Perhaps to the chagrin of some members of the NRA, his feeling was that schools are no place for guns and that’s it’s not conducive to a learning environment – saying, in effect, that the gun control laws already in place need to be strictly enforced – and that there needs to be better mental health screening.

All valid points, except for the time there's another school shooting - and then all bets are off.

The Wantage District in Sussex County isn’t wasting any time. They'll be brining in a retired State Patrolman this year with another to be added later in the year.

Starting in September, High Point Regional High School in Sussex County is expected to become the first district in New Jersey to have a gun-toting security officer patrolling the hallways as a school employee, said the school’s superintendent.

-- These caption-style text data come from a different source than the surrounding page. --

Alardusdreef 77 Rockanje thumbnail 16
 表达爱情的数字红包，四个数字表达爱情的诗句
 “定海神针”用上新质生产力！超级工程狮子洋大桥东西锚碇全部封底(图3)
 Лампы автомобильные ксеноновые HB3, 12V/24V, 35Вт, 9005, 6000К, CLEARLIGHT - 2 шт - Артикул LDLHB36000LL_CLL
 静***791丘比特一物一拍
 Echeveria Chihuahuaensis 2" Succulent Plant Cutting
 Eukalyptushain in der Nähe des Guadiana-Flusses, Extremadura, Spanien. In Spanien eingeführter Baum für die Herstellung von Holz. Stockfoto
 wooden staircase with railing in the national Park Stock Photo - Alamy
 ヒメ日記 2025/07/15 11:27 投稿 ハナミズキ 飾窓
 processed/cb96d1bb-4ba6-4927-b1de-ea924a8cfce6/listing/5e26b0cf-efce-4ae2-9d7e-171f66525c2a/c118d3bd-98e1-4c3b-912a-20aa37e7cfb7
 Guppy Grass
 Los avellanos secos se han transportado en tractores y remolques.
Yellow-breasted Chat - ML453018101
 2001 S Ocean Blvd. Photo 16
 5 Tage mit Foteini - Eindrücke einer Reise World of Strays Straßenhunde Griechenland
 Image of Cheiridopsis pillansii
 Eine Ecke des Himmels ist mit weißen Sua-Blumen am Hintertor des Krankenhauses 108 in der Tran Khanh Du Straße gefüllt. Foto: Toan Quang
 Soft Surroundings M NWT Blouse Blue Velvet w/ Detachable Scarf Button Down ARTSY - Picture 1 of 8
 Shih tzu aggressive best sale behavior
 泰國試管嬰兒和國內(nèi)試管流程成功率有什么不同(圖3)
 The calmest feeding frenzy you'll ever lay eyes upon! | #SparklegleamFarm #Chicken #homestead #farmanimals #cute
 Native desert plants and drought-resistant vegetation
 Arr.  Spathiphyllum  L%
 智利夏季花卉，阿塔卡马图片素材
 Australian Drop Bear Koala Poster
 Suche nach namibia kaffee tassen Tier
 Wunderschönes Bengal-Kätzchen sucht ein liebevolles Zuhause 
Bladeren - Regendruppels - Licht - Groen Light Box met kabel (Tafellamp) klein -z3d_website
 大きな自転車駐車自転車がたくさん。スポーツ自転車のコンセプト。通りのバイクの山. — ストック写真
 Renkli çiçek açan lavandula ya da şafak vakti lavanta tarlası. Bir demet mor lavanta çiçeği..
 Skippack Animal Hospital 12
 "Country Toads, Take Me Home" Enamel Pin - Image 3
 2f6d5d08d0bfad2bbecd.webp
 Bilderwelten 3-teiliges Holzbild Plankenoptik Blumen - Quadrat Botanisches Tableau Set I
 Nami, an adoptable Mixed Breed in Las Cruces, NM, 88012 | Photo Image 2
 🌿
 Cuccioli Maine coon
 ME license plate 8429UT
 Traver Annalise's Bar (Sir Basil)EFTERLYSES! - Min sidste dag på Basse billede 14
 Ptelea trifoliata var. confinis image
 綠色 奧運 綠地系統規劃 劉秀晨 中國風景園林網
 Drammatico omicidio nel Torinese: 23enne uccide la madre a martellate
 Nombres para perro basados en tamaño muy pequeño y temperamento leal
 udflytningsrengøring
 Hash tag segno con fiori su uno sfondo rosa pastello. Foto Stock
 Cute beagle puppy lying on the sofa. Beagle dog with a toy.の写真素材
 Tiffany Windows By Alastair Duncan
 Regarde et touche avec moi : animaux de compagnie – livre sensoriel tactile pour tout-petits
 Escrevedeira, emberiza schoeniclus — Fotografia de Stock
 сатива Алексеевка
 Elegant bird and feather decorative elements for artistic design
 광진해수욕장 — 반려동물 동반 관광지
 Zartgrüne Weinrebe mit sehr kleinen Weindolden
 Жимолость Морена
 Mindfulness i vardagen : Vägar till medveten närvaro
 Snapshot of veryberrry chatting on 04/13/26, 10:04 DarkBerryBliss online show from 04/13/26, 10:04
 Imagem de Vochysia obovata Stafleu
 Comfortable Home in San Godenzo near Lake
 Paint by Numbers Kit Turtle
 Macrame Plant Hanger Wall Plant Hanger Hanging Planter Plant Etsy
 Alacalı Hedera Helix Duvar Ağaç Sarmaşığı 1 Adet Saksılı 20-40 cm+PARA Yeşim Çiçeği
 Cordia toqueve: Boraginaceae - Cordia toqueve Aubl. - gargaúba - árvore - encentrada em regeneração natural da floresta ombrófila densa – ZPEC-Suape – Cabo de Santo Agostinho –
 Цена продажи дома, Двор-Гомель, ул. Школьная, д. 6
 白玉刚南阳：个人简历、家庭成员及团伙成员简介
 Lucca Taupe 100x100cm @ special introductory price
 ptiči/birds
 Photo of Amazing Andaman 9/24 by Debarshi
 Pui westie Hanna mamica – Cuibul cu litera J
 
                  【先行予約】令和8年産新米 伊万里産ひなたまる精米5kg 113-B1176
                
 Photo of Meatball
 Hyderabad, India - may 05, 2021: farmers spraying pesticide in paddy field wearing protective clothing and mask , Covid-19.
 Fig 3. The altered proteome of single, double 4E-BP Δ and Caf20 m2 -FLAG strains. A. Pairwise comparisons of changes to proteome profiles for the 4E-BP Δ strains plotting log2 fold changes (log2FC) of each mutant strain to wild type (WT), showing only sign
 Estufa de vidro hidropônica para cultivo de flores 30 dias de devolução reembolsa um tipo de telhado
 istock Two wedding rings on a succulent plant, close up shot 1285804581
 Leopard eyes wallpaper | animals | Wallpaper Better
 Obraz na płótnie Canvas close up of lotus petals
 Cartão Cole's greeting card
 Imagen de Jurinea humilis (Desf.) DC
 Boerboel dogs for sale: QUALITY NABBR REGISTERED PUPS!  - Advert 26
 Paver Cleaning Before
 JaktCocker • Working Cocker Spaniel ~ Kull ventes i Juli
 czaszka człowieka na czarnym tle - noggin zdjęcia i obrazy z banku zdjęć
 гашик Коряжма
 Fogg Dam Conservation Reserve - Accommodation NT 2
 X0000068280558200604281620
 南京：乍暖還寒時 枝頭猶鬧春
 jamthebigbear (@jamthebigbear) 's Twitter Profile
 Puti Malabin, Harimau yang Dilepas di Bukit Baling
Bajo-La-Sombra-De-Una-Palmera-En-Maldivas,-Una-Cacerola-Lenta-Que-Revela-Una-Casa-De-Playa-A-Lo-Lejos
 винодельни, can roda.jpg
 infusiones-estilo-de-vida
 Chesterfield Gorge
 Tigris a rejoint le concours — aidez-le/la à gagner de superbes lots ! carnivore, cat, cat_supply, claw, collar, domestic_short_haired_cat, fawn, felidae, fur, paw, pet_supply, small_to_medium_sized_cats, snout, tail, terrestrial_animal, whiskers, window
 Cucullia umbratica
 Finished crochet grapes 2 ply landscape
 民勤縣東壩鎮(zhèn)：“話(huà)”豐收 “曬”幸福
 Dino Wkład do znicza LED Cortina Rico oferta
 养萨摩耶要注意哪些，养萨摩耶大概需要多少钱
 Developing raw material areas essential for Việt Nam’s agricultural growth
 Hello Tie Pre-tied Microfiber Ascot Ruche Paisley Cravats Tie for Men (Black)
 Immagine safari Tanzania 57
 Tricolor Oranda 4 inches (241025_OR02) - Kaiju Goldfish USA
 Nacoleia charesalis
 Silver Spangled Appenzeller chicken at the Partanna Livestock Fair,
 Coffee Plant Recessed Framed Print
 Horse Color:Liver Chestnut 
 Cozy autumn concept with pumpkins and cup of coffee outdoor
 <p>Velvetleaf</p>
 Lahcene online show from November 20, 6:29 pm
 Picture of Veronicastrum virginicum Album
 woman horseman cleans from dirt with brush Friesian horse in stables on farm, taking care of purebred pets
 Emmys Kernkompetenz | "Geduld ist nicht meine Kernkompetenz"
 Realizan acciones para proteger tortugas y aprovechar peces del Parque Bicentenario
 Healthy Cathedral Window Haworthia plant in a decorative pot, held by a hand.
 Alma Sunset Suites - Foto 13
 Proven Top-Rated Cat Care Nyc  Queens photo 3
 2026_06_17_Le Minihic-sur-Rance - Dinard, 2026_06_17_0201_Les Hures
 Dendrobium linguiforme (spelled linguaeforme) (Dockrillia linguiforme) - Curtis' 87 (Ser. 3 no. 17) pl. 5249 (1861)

Under a policy unanimously introduced last week by the school board, the district’s current security officer, a retired State Police trooper, would be allowed to carry a handgun while on school property. A second armed security officer, also a retired trooper, is expected to be added soon, said school Superintendent Scott Ripley.

Ripley said High Point Regional needed an armed security guard on its staff because of its "unique location" in the rural northwest corner of New Jersey bordering New York state.

The school is in Wantage Township, a 67-square-mile, mostly farming community that does not have its own police force and relies on the State Police for police protection. The nearest State Police barracks is in the Augusta section of Frankford, nearly 8 miles away.

Ripley said he is unsure if High Point parents will accept the new policy. The salaries for the armed officers have not been determined, he said.

The idea of children being sitting ducks should an armed intruder decide to cause havoc is unsettling in the least.

And while I would agree with the Governor that an armed school guard isn’t conducive to a learning environment, should parents have to live with the unsettling notion that another crazed shooter could be lurking about?

If it gives even the slightest sense of security that there’s someone on the premises who might be able to quell a situation where a crazed gunman might intrude, can we not afford to look into the possibility of providing students with this means of security?

Do you approve of having armed guards in schools?